155 N.W. 574, 189 Mich. 635, 1915 Mich. LEXIS 835
CourtMichigan Supreme Court
DecidedDecember 22, 1915
DocketDocket No. 13
StatusPublished
Cited by12 cases

This text of 155 N.W. 574 (Millar v. Hilton) is published on Counsel Stack Legal Research, covering Michigan Supreme Court primary law. Counsel Stack provides free access to over 12 million legal documents including statutes, case law, regulations, and constitutions.

Bluebook
Millar v. Hilton, 155 N.W. 574, 189 Mich. 635, 1915 Mich. LEXIS 835 (Mich. 1915).

Opinion

Steere, J.

This appeal involves a judgment, in an action begun in the Wayne county circuit court, May 9, 1912, upon a promissory note dated at Toronto, Ontario, November 20, 1902, due in three months, made and signed by defendant Francis A. Hilton, payable to the order of I. G. Hilton, his wife, at Molson’s Bank, Toronto. Plaintiff became owner of the ’note when, or shortly after, it was made, and discounted it at Molson’s Bank. When it became due the bank protested it for nonpayment, and, having indorsed the same, plaintiff was subsequently obliged to pay the amount due upon it to the bank, again becoming owner of the paper. The note fell due on February 23, 1903. Defendants moved from Toronto to Detroit, Mich., on December 1, 1906, and have resided in that city ever since. Plaintiff is still a resident of Ontario. Under a plea of the general issue, defendants gave notice in defense that the note was barred by the Michigan statute of limitations, and that defendant I. G. Hilton was a married woman when she indorsed the same. Upon the trial, the genuineness of the note and plaintiff’s ownership for value were not questioned. It was also conceded that when said note was given defendants were, [638]*638and yet remained, husband and wife, and that nothing had been paid upon the same by defendants since it fell due. The statutes of Ontario were introduced in evidence, from which it appeared that the statute of limitations in that jurisdiction is the same as that of Michigan, as applied to actions upon negotiable paper of the kind involved here, and under the Ontario law in force when defendant I. G. Hilton indorsed the note no disability existed as to her by reason of coverture. No testimony was introduced by the defense beyond proving the Canadian statute of limitations. After both parties rested, each asked the court for a directed verdict. The court directed a verdict in favor of plaintiff against defendant Francis A. Hilton for the amount of the note, but held that his wife, I. G. Hilton, was not liable, on the ground that she was under disability of coverture, and directed a verdict of no cause of action as to her. Defendant Francis A. Hilton and plaintiff each sued out a writ of error.

This peculiar situation brings in juxtaposition the two principles involved in the general rule that, in determining whether a domestic or foreign law is applicable in a case under consideration, the validity and construction of a contract are controlled and to be determined by the laws of the situs, or place where the contract was entered into, while the remedy for enforcing a foreign contract is regulated by the laws of the forum, or country where such remedy is pursued.

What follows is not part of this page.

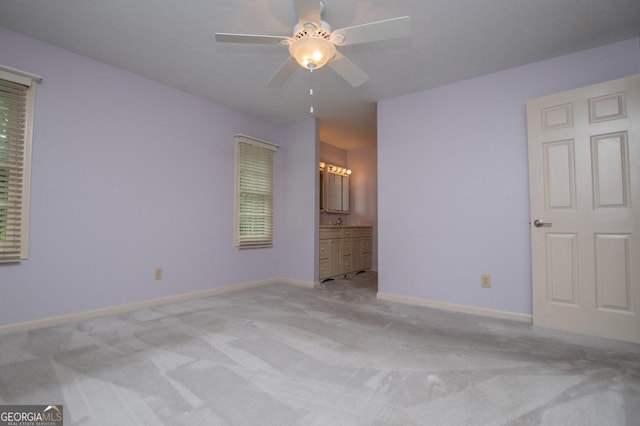 65 Pine Haven Ct, Carrollton, GA 30116 - unfurnished bedroom with carpet flooring, baseboards, ensuite bath, and ceiling fan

At the time defendants left Canada and moved to Detroit, this note had been past due some three years and nine months. Six years had not expired since they established their residence in Detroit before this action was brought. The statute of limitations had not run in either country. Defendants seek to tack the running of the statutes of limitations in Canada and Michigan which, combined, would bar action upon the note. This cannot be done. The Michigan statute of limita[639]*639tions contains no special provisions recognizing the bar of limitations under the statute of a foreign jurisdiction, as is the case in some States, while even under such provisions to be effectual it must appear that 'the period fixed by the foreign statute had fully run and the bar there was complete before the defendant came within the jurisdiction of the State where the action was brought. 25 Cyc. p. 1241, and cases cited.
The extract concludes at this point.